The fact was, Justine hated to be alone. She had felt so restless and unhappy lately, wandering from room to room, trying to start up conversations with her grandfather when he was too busy with his own thoughts to answer. “Grandfather, isn’t there any place you’d like to go?”

“How’s that?”

“Do you want to go somewhere, I said.”

“No, no.”

She sank back and twisted a piece of her hair. It was impossible to drive off on her own; a car was so private. Like a sealed black box. She would end up speeding just to get her isolation over with, or she would run a stop sign because even horns and curses were better than silence. So instead of driving she walked to Duncan’s shop, missing no opportunity to speak to passers-by. “Hello, Mr. Hill, did you get the money I said you would? Where’s Mrs . Hill? Wait, Red Emma, I’ll walk along with you,” and she would run to catch up and travel three blocks out of her way, pausing at each house while Red Emma delivered the mail. She parted from people with difficulty, dragging it out, loitering on the sidewalk fiddling with a button and finding new things to say to them. She dreaded walking even half a block with only her own thoughts for company. And when finally she arrived at the Blue Bottle she would be full of pent-up words that exploded from her before she was fully in the door. “Duncan, Red Emma told me . . . Bertha Miller asked . . . oh, Duncan, I just had a thought, can we borrow a wayward girl from the police station?”

“A what’s that?”

“Surely they must have some, wouldn’t you think? We could leave our name and the next time the police arrest somebody they could bring her to us. I mean the house seems so—”

“Well now, wait a minute.”

But she would be off to something new, picking up merchandise and putting it down. “Oh look, a locket like Aunt Bea’s almost. And Aunt Sarah’s dinner ring but the stone’s a different color. Isn’t it funny they call these antiques? They’re only what our aunts wear every day of their lives. What’s this thing, Duncan?”

“A Victorian slide pendant,” Duncan said glumly. “If you ask me, it’s junk. All this stuff is junk.
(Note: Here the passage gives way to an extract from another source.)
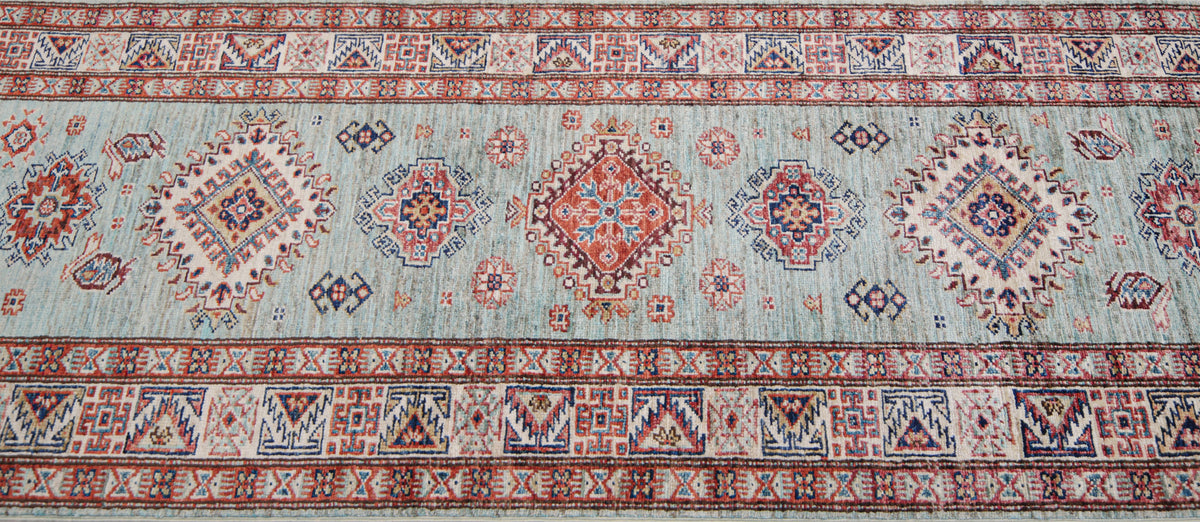Supreme Kazak Green Rug 2.57m x 0.76m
Yesterday Silas brought in a whole carton full, he’d been to some flea market. ‘Here, take this,’ he said, ‘and get rid of that mess on the table, it doesn’t look nice.’ Do you know what he called mess? A genuine chromatrope I bought from old Mrs. Milhauser, and a Boston bathing pan with a pump that still works . . . where is it now? I wanted to show you. He dumped it in some corner or other. He doesn’t like tools and things with moving parts, he says they clutter the shop. We spend all our time shifting each other’s merchandise into hiding places and out again, in and out. Look at that chair! He likes it. He wants me to ask a hundred and fifty dollars for it.”
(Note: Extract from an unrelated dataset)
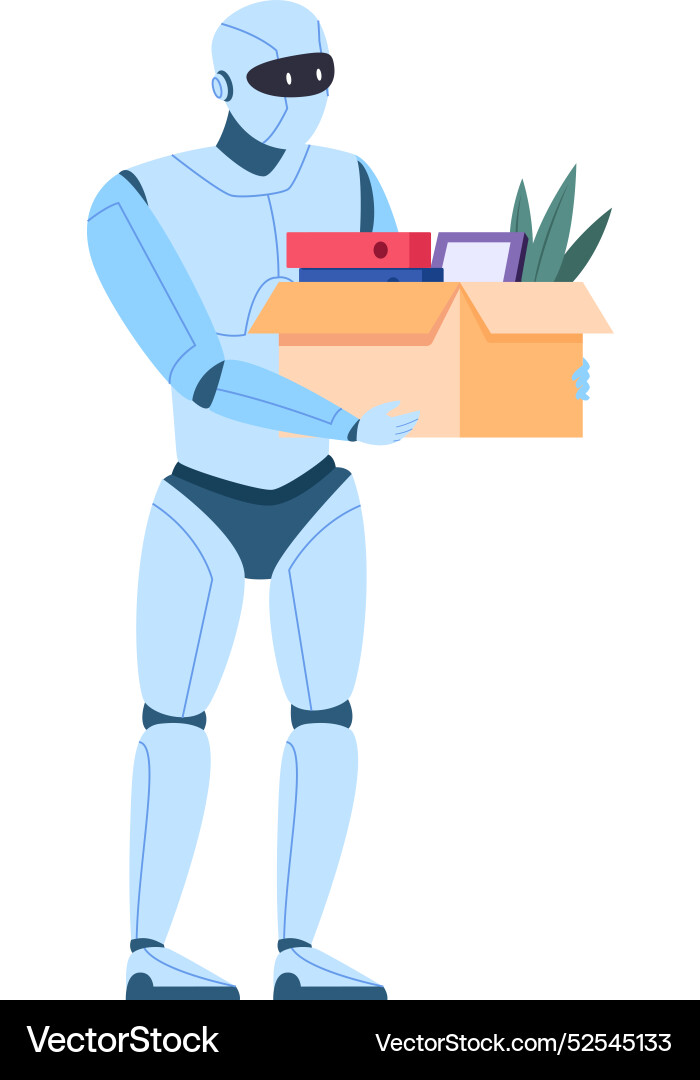 Robot with office stuff box employing android Vector Image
Justine looked at a chair with a curved spine that was all pointed leaves and flowers and little sharp berries. On one of its finials Duncan had impaled a liniment ad. “I’ve a good mind to quit this job,” he said, but she didn’t bother answering that. He would never quit in the middle of a fight.

She wanted him to come with her somewhere. “Maybe we could take a trip,” she told him.

“All right.”

“Just spur of the moment.”

“All right.”

“We might even stop and see Meg.”

But then his face grew cold and stubborn. “Not a chance. Not until we’re asked, Justine.”

“But she said . She said in her letters.”

“ ‘We’ll have you over sometime soon,’ is what she said. Pay attention.”

He knew Meg’s letters by heart, the same as Justine. It was all an act, his unconcern. (“Duncan,” she had told him, “Meg has gone to marry Alfred, I mean Arthur,” and he had grown motionless for one split second before continuing to close up shop.) “As long as we don’t come for a meal,” she said now, “why do we have to wait to be invited?”

“We’re not going till we are, I tell you.”

“Oh, that’s ridiculous. She’s our daughter.